For further proof: anyone care to count the number of pins on Agnes,Denise, and Paula then count the number of pins on those chips in the AD and get back to me. It sure makes a cool looking ad though.. The plate over the chips in this ad is a simple 79 cent glue on from MOS.. I have seen the innards of plenty A1000s to know what I am looking at.
http://amiga.org/gallery/images/896/1_1183.jpgHm, someone must've gone through some trouble, then. 48-pin DIPs in both shots. Unless I can't count. And you can see here that they got the 8361 (that also doesn't exist?) into a regular epoxy package.
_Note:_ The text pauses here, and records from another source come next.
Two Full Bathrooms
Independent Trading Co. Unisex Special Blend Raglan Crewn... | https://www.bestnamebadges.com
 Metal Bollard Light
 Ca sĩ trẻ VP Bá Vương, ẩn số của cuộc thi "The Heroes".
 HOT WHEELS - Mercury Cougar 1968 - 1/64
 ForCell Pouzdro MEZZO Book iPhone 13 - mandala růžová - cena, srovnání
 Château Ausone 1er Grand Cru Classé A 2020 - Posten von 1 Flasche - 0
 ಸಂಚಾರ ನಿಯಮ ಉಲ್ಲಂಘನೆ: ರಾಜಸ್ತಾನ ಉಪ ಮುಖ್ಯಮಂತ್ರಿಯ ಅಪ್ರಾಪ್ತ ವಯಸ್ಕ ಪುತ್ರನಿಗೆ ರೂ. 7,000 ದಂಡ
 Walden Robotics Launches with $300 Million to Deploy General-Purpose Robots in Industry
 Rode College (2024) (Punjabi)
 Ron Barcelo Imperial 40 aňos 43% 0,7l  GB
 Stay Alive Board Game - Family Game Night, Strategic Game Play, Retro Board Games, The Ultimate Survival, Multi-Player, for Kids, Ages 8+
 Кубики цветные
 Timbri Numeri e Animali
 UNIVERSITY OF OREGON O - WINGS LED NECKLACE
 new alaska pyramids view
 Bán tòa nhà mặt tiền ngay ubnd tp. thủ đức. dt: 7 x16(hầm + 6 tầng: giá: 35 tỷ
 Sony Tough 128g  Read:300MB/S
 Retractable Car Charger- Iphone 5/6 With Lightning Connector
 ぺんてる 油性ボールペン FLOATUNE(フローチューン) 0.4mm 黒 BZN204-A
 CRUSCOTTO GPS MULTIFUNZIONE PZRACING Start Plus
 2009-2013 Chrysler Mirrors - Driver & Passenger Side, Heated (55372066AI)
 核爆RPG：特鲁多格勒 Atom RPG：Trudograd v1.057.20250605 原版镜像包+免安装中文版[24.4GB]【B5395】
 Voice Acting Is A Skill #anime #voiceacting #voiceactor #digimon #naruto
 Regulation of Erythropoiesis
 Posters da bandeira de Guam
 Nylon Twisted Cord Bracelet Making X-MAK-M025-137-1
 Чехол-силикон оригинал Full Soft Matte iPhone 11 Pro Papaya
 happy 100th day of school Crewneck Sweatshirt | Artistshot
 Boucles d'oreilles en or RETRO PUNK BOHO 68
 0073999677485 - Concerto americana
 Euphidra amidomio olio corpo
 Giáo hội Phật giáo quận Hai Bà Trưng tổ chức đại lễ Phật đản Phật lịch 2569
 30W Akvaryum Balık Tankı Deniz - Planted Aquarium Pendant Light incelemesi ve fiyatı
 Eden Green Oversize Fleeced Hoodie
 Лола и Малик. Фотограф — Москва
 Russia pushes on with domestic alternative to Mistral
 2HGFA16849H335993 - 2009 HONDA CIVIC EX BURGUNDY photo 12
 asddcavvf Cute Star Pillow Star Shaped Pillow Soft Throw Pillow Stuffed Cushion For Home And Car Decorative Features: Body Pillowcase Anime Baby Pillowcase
The 'heatspreaders' are obviously just cheap caps of some sort - I've found some other pictures where they weren't on straight. But IIRC, with this sort of package, the chip die was otherwise exposed (I dunno why; because they encased the pins in the ceramic before they dropped the chip in and connected the cat-whiskers? -- Were chip packages coming from separate plants than chips themselves? -- Or because the same package would have a use for UV EEPROM, those would need a window there anyway, and it would be cheaper to use caps than design an all-ceramic top with a hollow for the chip? Or because engineers would enjoy the ability to pop the cap and microscope failure modes on returned units without sanding/etching off the epoxy as they do now?)... So the cap keeps you from, say, jabbing the die with your finger, or getting WD-40 all over it when you decide to clean your board. (Or was there epoxy under there, anyway?) Ever dissect one of those old calculators, where the LEDs were exposed dies under a plastic magnifying lens?
One assumes the miracle of 100% plastic/epoxy packaging caught on quickly when it was discovered how much easier it was to just pour goo over everything. (Of course, bad epoxy still strikes. All the Fujitsu drive failures of months back were eventually traced to a bad packaging used by Cirrus Logic, to whom they'd outsourced some chips.)
Now why does everyone need to bullshit over something so simple?